About this task:
Each entry below should be returned exactly as is, with the pictures removed.

** Data to examine follows **

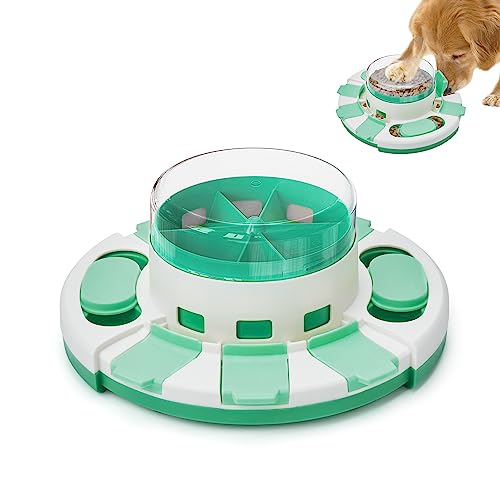 Potaroma Hunde-Puzzle-Spielzeug 2 Stufen, langsamer Feeder für Hunde, Hundefutter Leckerli Fütterungsspielzeug für IQ-Training, Hundeunterhaltungsspielzeug für alle Rassen (Grün Weiß) von Potaroma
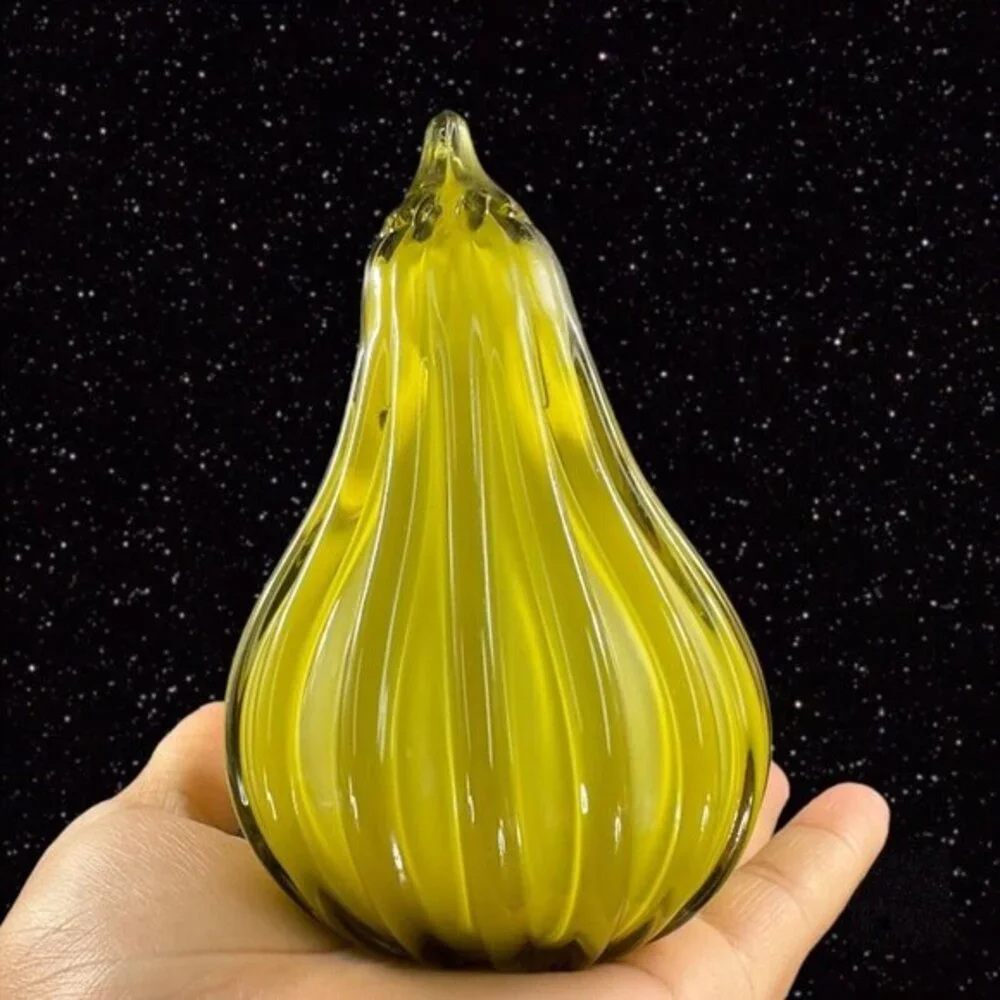 Studio Art Glass Pear Apple Fruit Green Cased Glass‎ Figurine Paperweight Figure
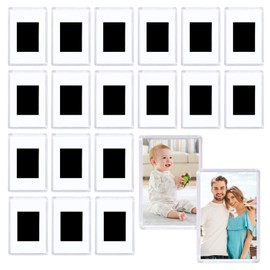 Jinsion Pack of 20 Mini Polaroid Magnetic Picture Frames, 4.5 x 7 cm Magnetic Picture Frame, Mini Picture Frame, Photo Magnets Acrylic Magnetic Picture Frame, Transparent Magnetic Frame Set, Fridge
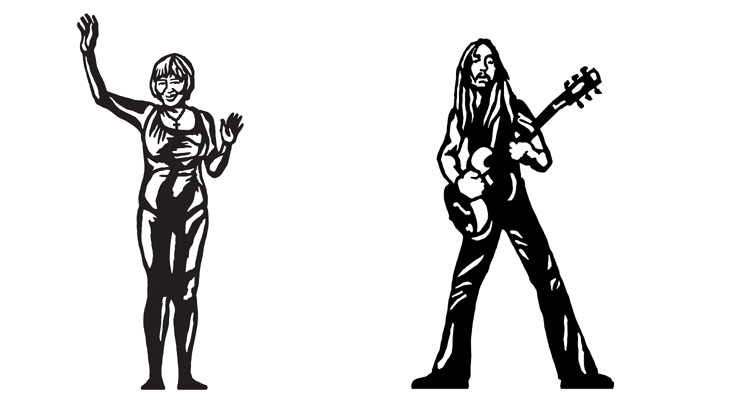 Illustrations of the heroes being celebrated in Hastings through Walk Wheel Cycle Trust's Portrait Benches project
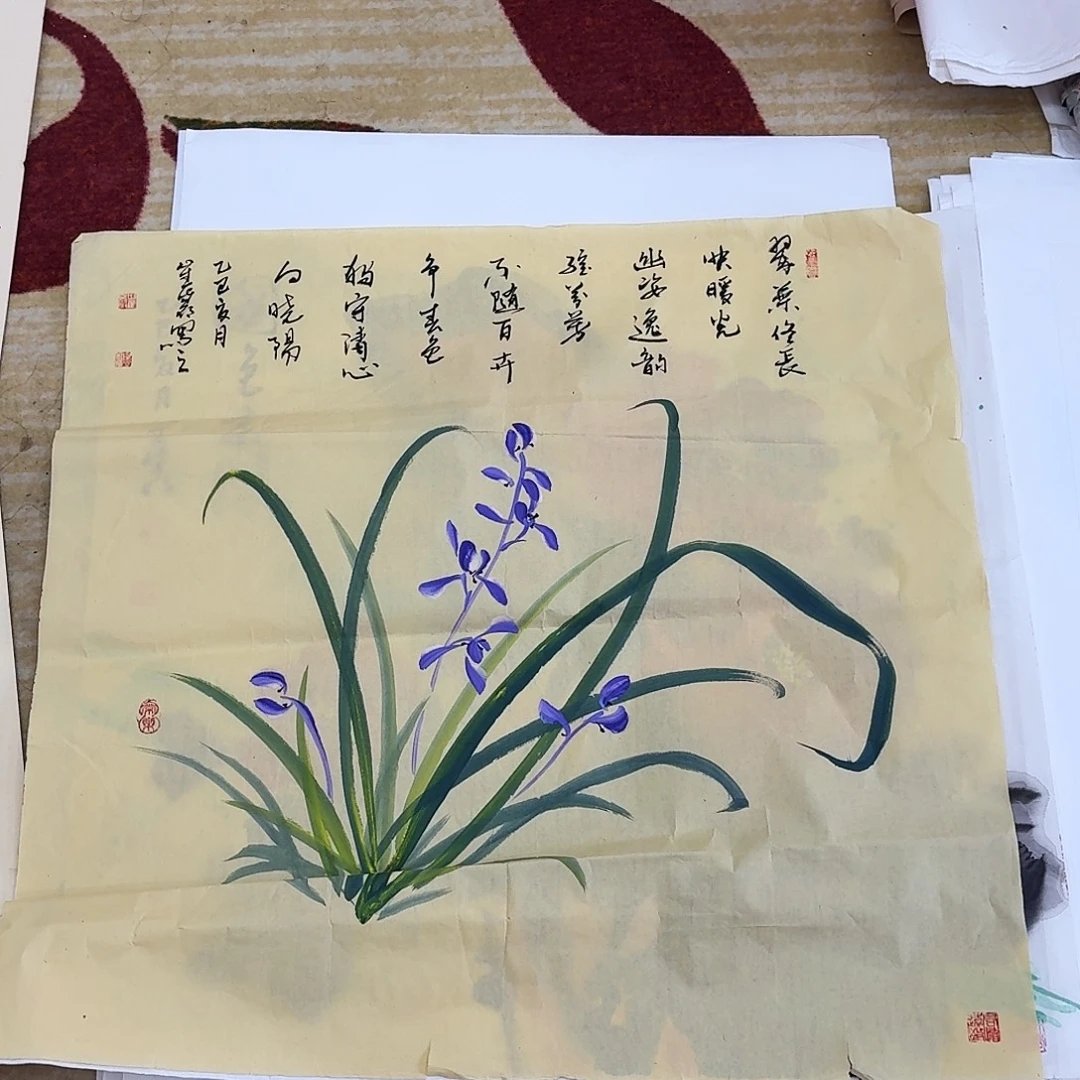 国画四尺斗方手绘作品的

** End of Data to examine **

Written solution:
 Potaroma Hunde-Puzzle-Spielzeug 2 Stufen, langsamer Feeder für Hunde, Hundefutter Leckerli Fütterungsspielzeug für IQ-Training, Hundeunterhaltungsspielzeug für alle Rassen (Grün Weiß) von Potaroma
 Studio Art Glass Pear Apple Fruit Green Cased Glass‎ Figurine Paperweight Figure
 Jinsion Pack of 20 Mini Polaroid Magnetic Picture Frames, 4.5 x 7 cm Magnetic Picture Frame, Mini Picture Frame, Photo Magnets Acrylic Magnetic Picture Frame, Transparent Magnetic Frame Set, Fridge
 Illustrations of the heroes being celebrated in Hastings through Walk Wheel Cycle Trust's Portrait Benches project
 国画四尺斗方手绘作品的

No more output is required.